The Socialist Party “kept itself afloat” by exceeding the 5% mark that allowed it to have seats in the European Parliament. Its main campaign argument was: do not let us be left out of the [European Parliament in] Strasbourg. They want people to forget the years in which it supported the European Socialist Group (PSE) and its policy of alliance with the right of the EPP (European People’s Party) to co-manage the European authorities, at the service of the interests of the monopolies. It is not with some Members of the European Parliament that it will get out of its increasing marginality.

France Insoumise (France Unbowed) led an active campaign to achieve a double-digit vote, like the result of J.L. Mélenchon in the first round of presidential elections. Very active in support for the yellow vests, it tried to the end to present itself as the only “useful” vote, by claiming the leadership of the left opposition pole to Macron. The vote achieved, while not negligible, did not allow the FI to claim this leadership.

We are not happy to see the PCF miss the 3% mark that would have allowed, at least, the reimbursement of its campaign expenses. That said, its campaign for “another Europe” is neither clear nor credible in popular circles. This is also true for other forces that cling to this idea.

In conclusion

The campaign was dominated by distorted and divisive themes, such as “nationalism against progressivity,” giving rise to a reactionary escalation against immigration, for more “Security,” more “control,” etc.

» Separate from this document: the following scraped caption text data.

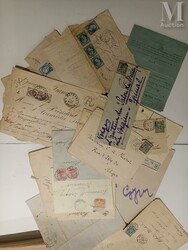 Une pochette contenant une petite correspondance dont trois ballons ...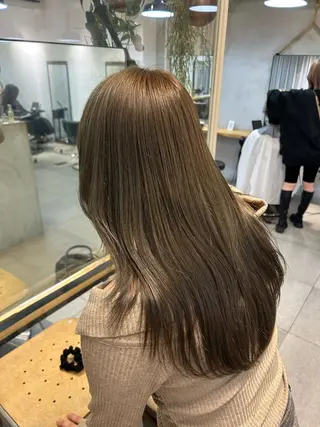 セミロング LOE所属・LOE Yuuka/42🩵のヘアスタイル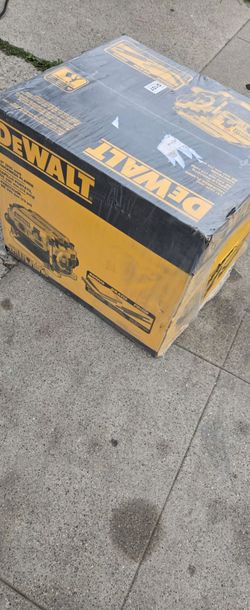 DEWALT
15 Amp Corded 13 in. Heavy-Duty 2-Speed Bench Planer with (3) Knives, In Feed Table and Out Feed Table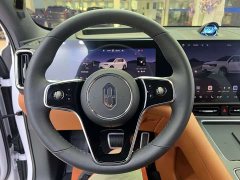 AITO Wenjie M8 extended range Max version 53.4kWh 6-seater version (192-line lidar) - фото 8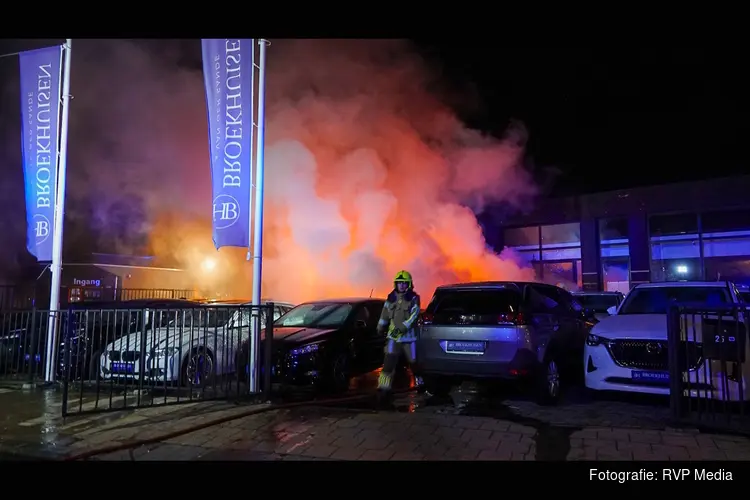 Politie zoekt getuigen van brandstichting bij autobedrijf aan Pascalstraat
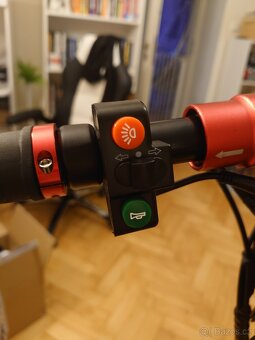 Elektrokoloběžka EV Viper 4 (2022) – top stav, 610 km - 10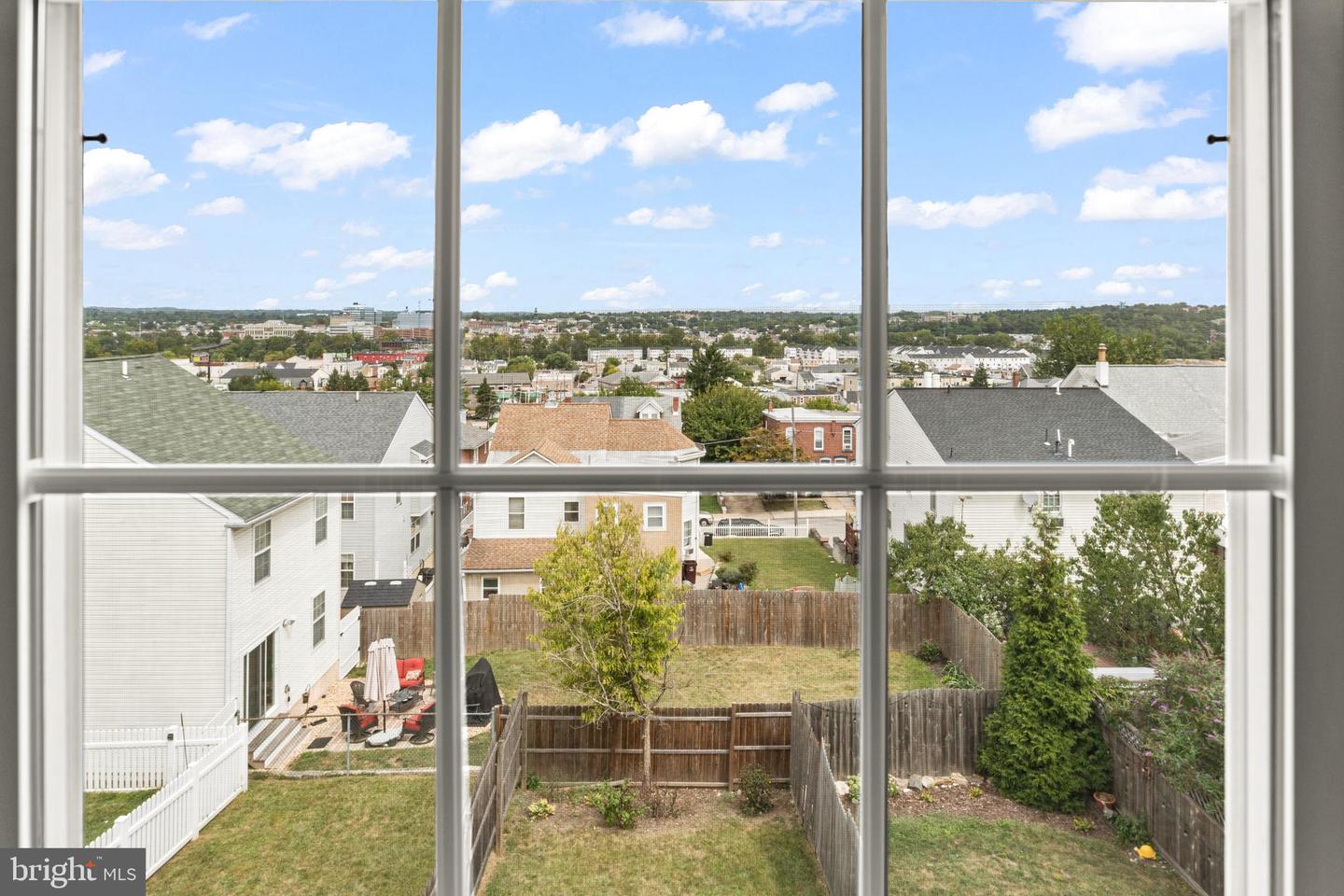 Photo 12 of 34 of 31 7th St townhome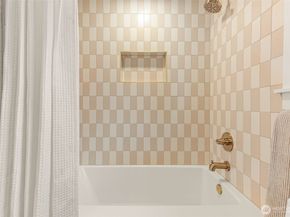 6013 106th Avenue NE, Kirkland WA 98033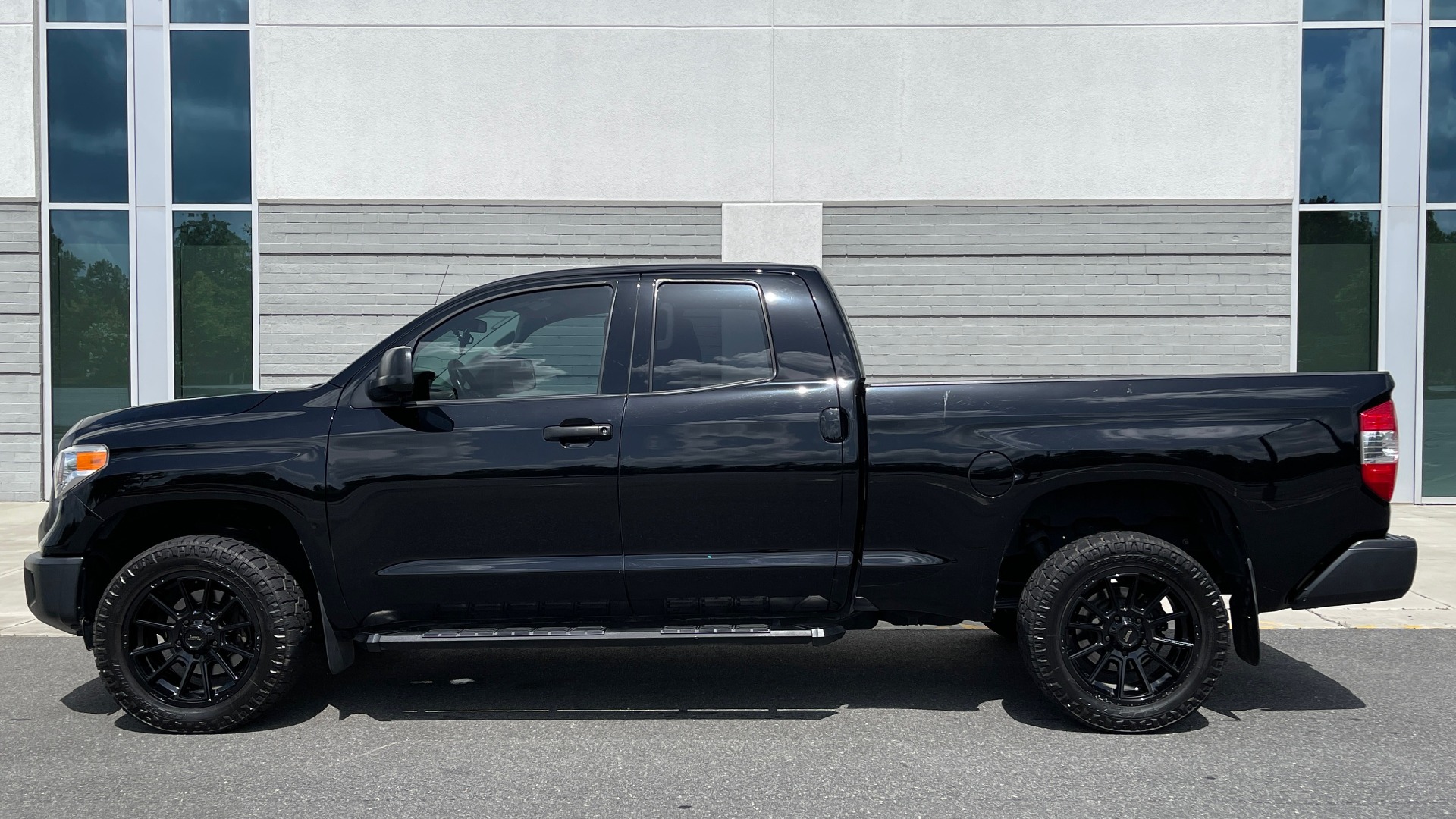 Used 2017 Toyota Tundra 4WD SR for sale Sold at Formula Imports in Charlotte NC 28227 3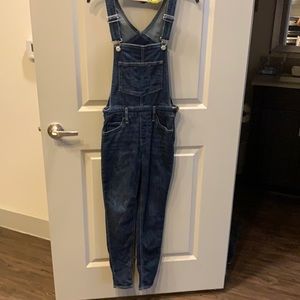 Levi’s Dark Skinny Overalls NWOT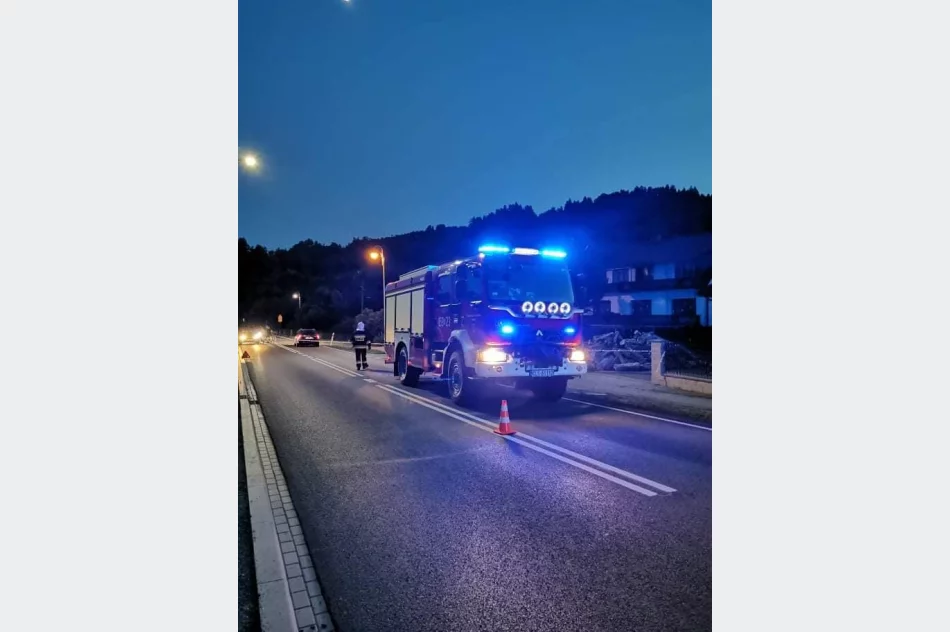 Groźnie wyglądające zderzenie dwóch pojazdów na drodze wojewódzkiej - zdjęcie 2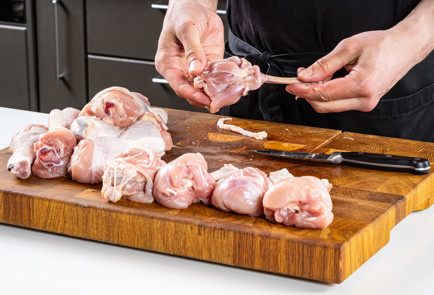 Фото шага рецепта Маринад для куриных голеней на мангале 191691 шаг 2  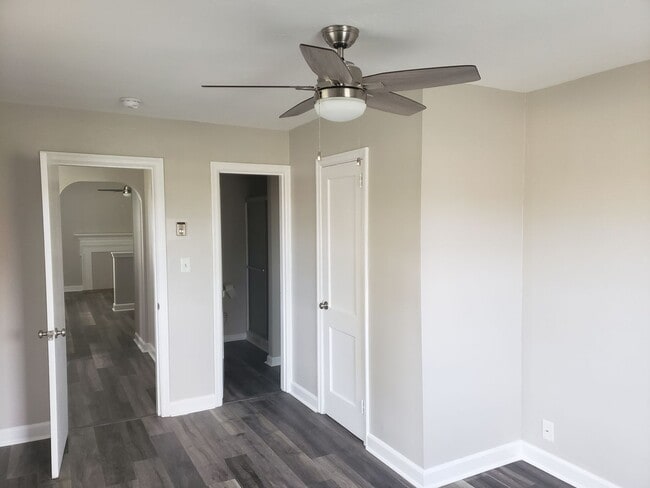 Building Photo - Warwick Blvd-15641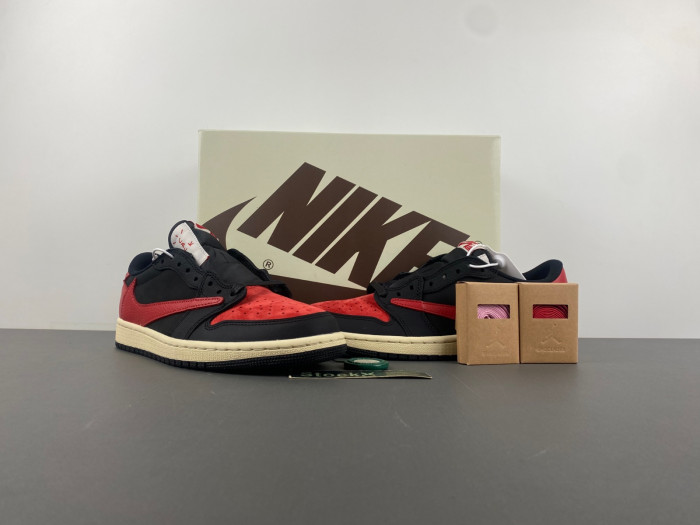 Travis Scott x Air Jordan 1 Low OG Black Red DM7866-061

It served Macron to continue to reduce the entire political debate to a clash between his current and the RN. The majority of workers, working people, women, young people, etc. do not identify themselves themselves in this choice. If the movement to the right of political forces, in their speeches and positions, is a reality, if the level of electoral influence of the RN and company is worrying, we are in opposition to all the theses that want to convince us that reaction would be hegemonic in working-class and popular circles: if more than 5 million votes were won by the RN, it also means that the vast majority did not make this choice.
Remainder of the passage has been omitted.